_Exercise goal:_
Set all the entries down once more, with nothing altered.

_Provided records:_
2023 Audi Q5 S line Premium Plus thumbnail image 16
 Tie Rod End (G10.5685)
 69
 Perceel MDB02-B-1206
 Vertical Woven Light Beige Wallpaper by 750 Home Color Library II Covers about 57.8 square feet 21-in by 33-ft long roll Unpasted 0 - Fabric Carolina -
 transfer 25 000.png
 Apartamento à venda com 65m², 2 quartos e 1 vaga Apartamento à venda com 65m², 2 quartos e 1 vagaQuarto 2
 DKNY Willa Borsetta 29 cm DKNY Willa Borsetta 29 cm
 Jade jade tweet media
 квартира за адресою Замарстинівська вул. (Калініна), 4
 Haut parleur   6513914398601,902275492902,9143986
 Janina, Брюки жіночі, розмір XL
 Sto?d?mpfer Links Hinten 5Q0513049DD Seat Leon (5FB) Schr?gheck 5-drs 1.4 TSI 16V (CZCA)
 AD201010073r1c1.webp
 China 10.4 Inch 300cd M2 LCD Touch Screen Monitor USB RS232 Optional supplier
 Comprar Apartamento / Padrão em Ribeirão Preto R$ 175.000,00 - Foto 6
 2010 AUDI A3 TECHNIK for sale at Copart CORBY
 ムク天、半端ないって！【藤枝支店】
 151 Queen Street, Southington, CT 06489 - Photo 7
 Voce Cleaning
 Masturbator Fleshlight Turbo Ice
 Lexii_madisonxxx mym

_Answer area:_
2023 Audi Q5 S line Premium Plus thumbnail image 16
 Tie Rod End (G10.5685)
 69
 Perceel MDB02-B-1206
 Vertical Woven Light Beige Wallpaper by 750 Home Color Library II Covers about 57.8 square feet 21-in by 33-ft long roll Unpasted 0 - Fabric Carolina -
 transfer 25 000.png
 Apartamento à venda com 65m², 2 quartos e 1 vaga Apartamento à venda com 65m², 2 quartos e 1 vagaQuarto 2
 DKNY Willa Borsetta 29 cm DKNY Willa Borsetta 29 cm
 Jade jade tweet media
 квартира за адресою Замарстинівська вул. (Калініна), 4
 Haut parleur   6513914398601,902275492902,9143986
 Janina, Брюки жіночі, розмір XL
 Sto?d?mpfer Links Hinten 5Q0513049DD Seat Leon (5FB) Schr?gheck 5-drs 1.4 TSI 16V (CZCA)
 AD201010073r1c1.webp
 China 10.4 Inch 300cd M2 LCD Touch Screen Monitor USB RS232 Optional supplier
 Comprar Apartamento / Padrão em Ribeirão Preto R$ 175.000,00 - Foto 6
 2010 AUDI A3 TECHNIK for sale at Copart CORBY
 ムク天、半端ないって！【藤枝支店】
 151 Queen Street, Southington, CT 06489 - Photo 7
 Voce Cleaning
 Masturbator Fleshlight Turbo Ice
 Lexii_madisonxxx mym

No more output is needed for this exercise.